Tuesday, February 21, 2006

I just met a girl named Maria

Flawless.

She is a beautiful Italian woman, with Mediterranean coloring and black hair. Every article of her clothing fits her petite figure with stunning perfection. Never is a seam pulled or a buttonhole stressed. Her suits are the colors of Necco wafers.

Always high-heeled shoes: spectator pumps, peek-a-boo mules, ankle-strap stilettos. Always free from scuffs and marks. Always in a color that matches the lime green or peach pink or banana cream yellow suit.

Short, precisely cut hair. Eyebrows plucked into arched submission. Lined lips and fingernails lacquered in a matching color. Exactly drawn eyeliner.

"Hi. I'm Maria."

Upon her upper lip, there is a meticulously groomed pencil-thin mustache.

She smokes those ultra-long ultra-thin cigarettes that have a graphic band around the filter. Eves or Satins or Virginia Slims. She drinks Miller Lite directly from the can.

She makes wigs for living. She only uses real human hair.

"Sure, I'll have another," oozes the smirking, curled and delicately mustachioed mouth.

When she gets drunk, she giggles into her diminutive palm. She looks down demurely. And, eventually, she will lure a man into the ladies' room.

There, she will fellate him.

The general consensus is that she performs this service free for some, and for others, the charge is $25.

She usually only does it once a night. Usually.

"Maria's in the bathroom blowing someone."

Upon returning to her barstool, she clears her throat, shakes back her head, raises one eyebrow and lights one of those impossibly long cigarettes. Her hand rises to her hair, needlessly smoothing it.

"No. No one's sitting there. Please. Go right ahead."

Author's note: The only detail I have altered in this post is the name of the subject. "Maria" was a regular at a bar I used to frequent in downtown Cleveland. The only time I was not in the aforementioned bathroom alone was when my buddy accompanied me in order to hold my hair as I undrank shots called Flaming Dr. Peppers (or vice versa). That I will go to my grave never knowing the criteria upon which Maria's price scale was based is something I lament with vast woe.

11 comments:

PDD said...

That was me Erin, minus the moustache. And those ultra long ciggies, they're called slut butts.
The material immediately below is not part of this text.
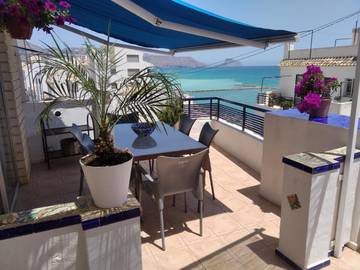 view of accommodation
You might have seen Genet in the corner waiting for me to finish. He was the guy listening to his Ipod and smoking his brains out. You might have even spotted the 50 shots lined up in front of him. He was waiting for me... waiting before ordering a cab to sneakers for last call.

PDD said...

I thoroughly enjoyed this post by the way.

PDD said...

Or slut sticks.

Velvet Fog said...

One time in Thailand I got cranked on yam yam and ended up in a bar bathroom. It got pretty messy in there. I don't know if they were men women or cattle, and I didn't care.

PDD said...

It shouldn't matter. As long as the deeds being done, it shouldn't matter.

Freedom.

PDD said...

Lou Diamond Phillips & David Haselhoff

FLAMINGO1 said...

I was startled out of my slumber by the moustache reference also. This caused the same questions to spring to my mind as those raised by Ms. Hart (to Hart).
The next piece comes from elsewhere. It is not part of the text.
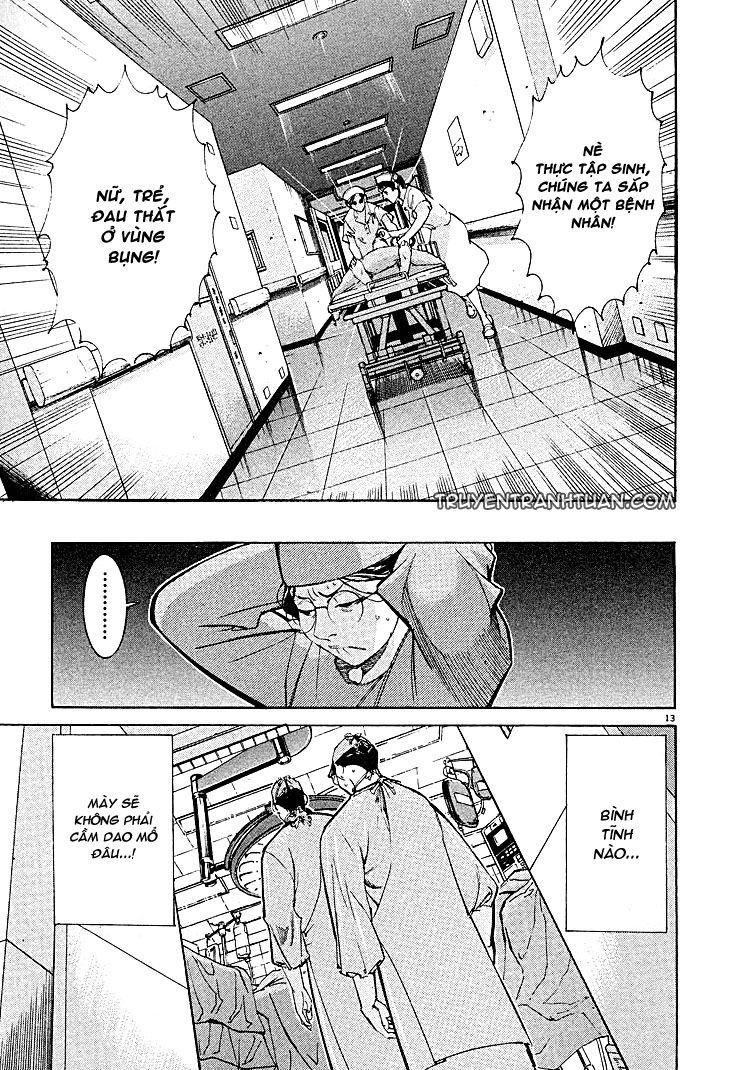 Team Medical Dragon Chap 3 - Next Chap 4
I loved the character. I can't tell whether I am thrilled or disturbed by the added information that Maria was based on a real person.

This character reminded me of the characters in one of my favorite books - Confederacy of Dunces.

I want to know more about Maria and how she interacts with others in the bar (other than just the blowjobs).

Once you suck me in with an interesting character like this, I am your bitch; you own me.

PDD said...

Pinky, I am your bitch; you OWE me.

Shawn said...

I wonder if this is how a voyeur feels. It's like I walked in on something I know I'm not supposed to be seeing but my legs refuse to walk away.

Erin O'Brien said...

I love you. I love you all.

And yes, this is a non-fiction, post. Every word is true--and the mustache was the most fascinating thing about that girl.

But why, people, why did she charge some and not others? She did not need the money.

(shlong, you're looking very enthusiastic these days)

(pdd--at least you're talking past tense)

(stephanie--remember the Saturday Afternoon Special ... Perhaps we, too, are the subject of someone's blog)

(flamingo--baby, I know what you like)

(shawnmonique--welcome and feel no guilt! I come only to showcase my fellow humans in the truest light)

Velvet Fog said...

Sometimes I'll throw one in a woman of the night, and they generally decide that money cannot possibly qualify as payment. At this point, I usually spray them down and run like hell.